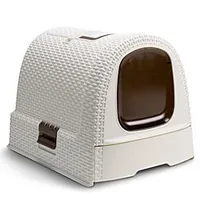 Covered Cat Litter Box Rattan 39x39x51cm Mocha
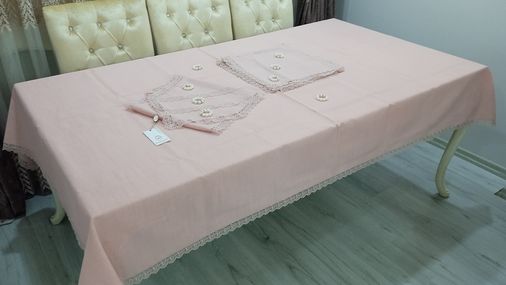Royal Home  Keten yemek Seti Takımı 8 Kişilik Pembe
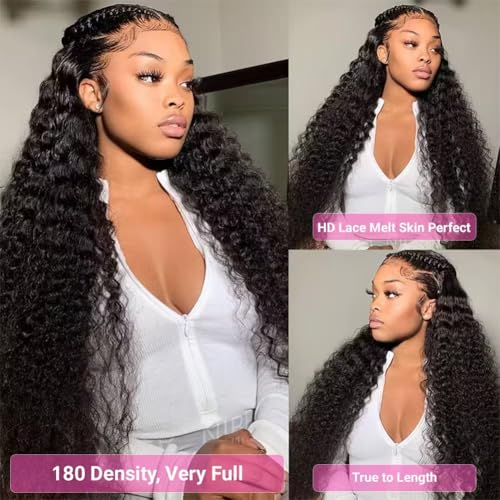 SQU&CIR Deep Wave Lace Front Wigs Human Hair Wigs 180% Density 13x4 HD Transparent Deep Curly Lace Frontal Wigs Human Hair Pre Plucked with Baby Hair for Women (20 Inch)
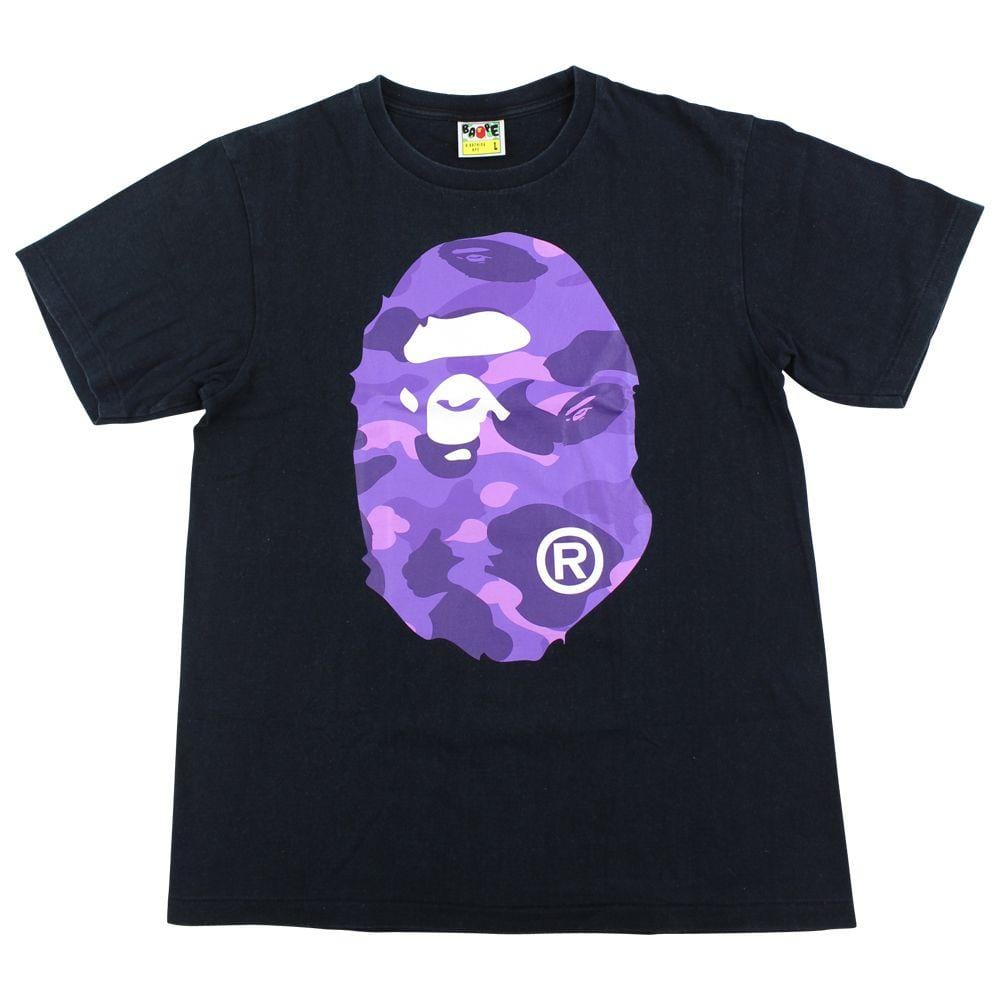 Bape Purple Camo Big Ape Logo Tee Black - SARUUK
::::::
• **Activity**:
Using the data above, print every line exactly, omitting pictures.

• **Exercise output**:
 Covered Cat Litter Box Rattan 39x39x51cm Mocha
Royal Home  Keten yemek Seti Takımı 8 Kişilik Pembe
 SQU&CIR Deep Wave Lace Front Wigs Human Hair Wigs 180% Density 13x4 HD Transparent Deep Curly Lace Frontal Wigs Human Hair Pre Plucked with Baby Hair for Women (20 Inch)
 Bape Purple Camo Big Ape Logo Tee Black - SARUUK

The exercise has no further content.